Mein kluger kleiner Bruder
Am Samstag ist der Richterswiler Historiker, Buchautor, TV-Mitarbeiter und Sänger Hans Peter Treichler gestorben. Eine Würdigung seines Bruders, der stets stolz war, sein Bruder zu sein.

Oft, wenn ich mich mit Robert Treichler vorstellte, fragten die Leute: «Sind Sie verwandt mit dem Historiker?» Und ich antwortete stets stolz: «Ja, er ist mein Bruder.» Die meisten dachten, er müsse mein grösserer Bruder sein, wenn er doch so gebildet, so belesen und so vielseitig ist. Aber er war drei Jahre jünger.Hans Peter oder Hampi, wie er genannt wurde, war schon in unserer Jugend der Kluge. Er schaffte Wälzer wie «Moby Dick» oder «Lederstrumpf», für die ich zu wenig Geduld aufbrachte.
Unsere liebste Freizeitaktivität war das Schtriele.
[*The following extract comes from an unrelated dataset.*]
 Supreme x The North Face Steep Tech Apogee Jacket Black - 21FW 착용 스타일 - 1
Dafür eignete sich das Zürcher Quartier Hirslanden, wo wir aufwuchsen, prima. Unser Reich ging vom Elephantenbach und Wehrenbachtobel bis ans Zürichhorn. Unsere Mutter war berufstätig und alleinerziehend. Sie instruierte uns jeweils, wie wir das Essen zubereiten mussten. Aus irgendeinem Grund ist mir der Zettel erhalten geblieben, auf dem Hans Peter notiert hat, wie man Würstchen zubereitet. «Wienerli kochen, bis sie platzen», steht da. Das hinderte ihn nicht daran, ein hervorragender Koch zu werden.
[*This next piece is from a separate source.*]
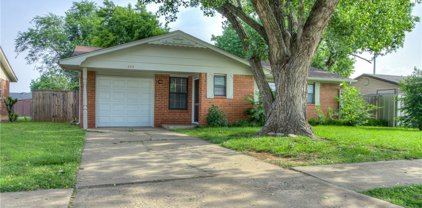 409 W Linden Drive, Mustang
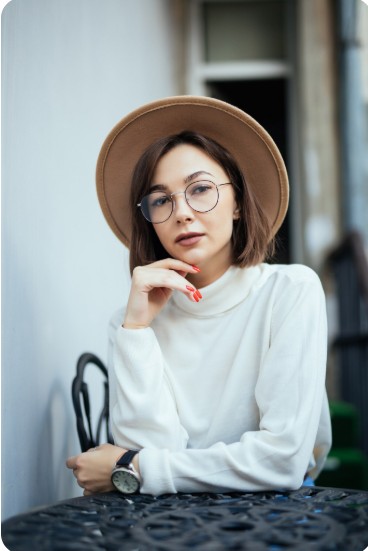 비문증 치료 후 안경을 쓰고 있는 중년 여성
Eine andere Lieblingsbeschäftigung war für uns das Kino. Kinderfilme gab es ausser den Disney-Trickfilmen kaum. Wir schmuggelten uns daher in Filme, deren Altersgrenze bei 18 Jahren war. Wieder war es Hans Peter, der an der Kasse die Billette verlangte, denn er hatte die tiefere Stimme.
Als der Rock 'n' Roll aufkam, Anfang der 50er-Jahre, war das unsere Musik. Zu zweit spielten wir Gitarre. Wir versuchten den Gesang von Elvis Presley zu verstehen, was selten gelang, so sangen wir nach Gehör. Dasselbe machten wir mit den Liedern von Georges Brassens.
An der Uni Zürich schloss Hans Peter 1966 mit dem Dr. phil. I ab. Es war sein Ziel gewesen, den Doktortitel vor dem Alter 25 zu machen – er liess sich aber nie mit dem akademischen Titel anreden. Sein Hauptfach war Geschichte, seine Nebenfächer waren Deutsch und Schwedisch.
Seine ersten Bücher waren geschichtliche Werke. «Die Gründung der Gegenwart» etwa, ein programmatischer Titel, denn dem Zeitalter der Industrialisierung, der zweiten Hälfte des 18. Jahrhunderts, galt sein Hauptinteresse. «Die stillen Revolutionen» war ein anderer Titel; das Buch beschreibt das Leben der kleinen Leute. Er verfasste aber auch Werke wie die Familiensaga um «Die Löwenbraut», das dank dem Mäzen Hans Georg Schulthess aus Horgen zustande kam.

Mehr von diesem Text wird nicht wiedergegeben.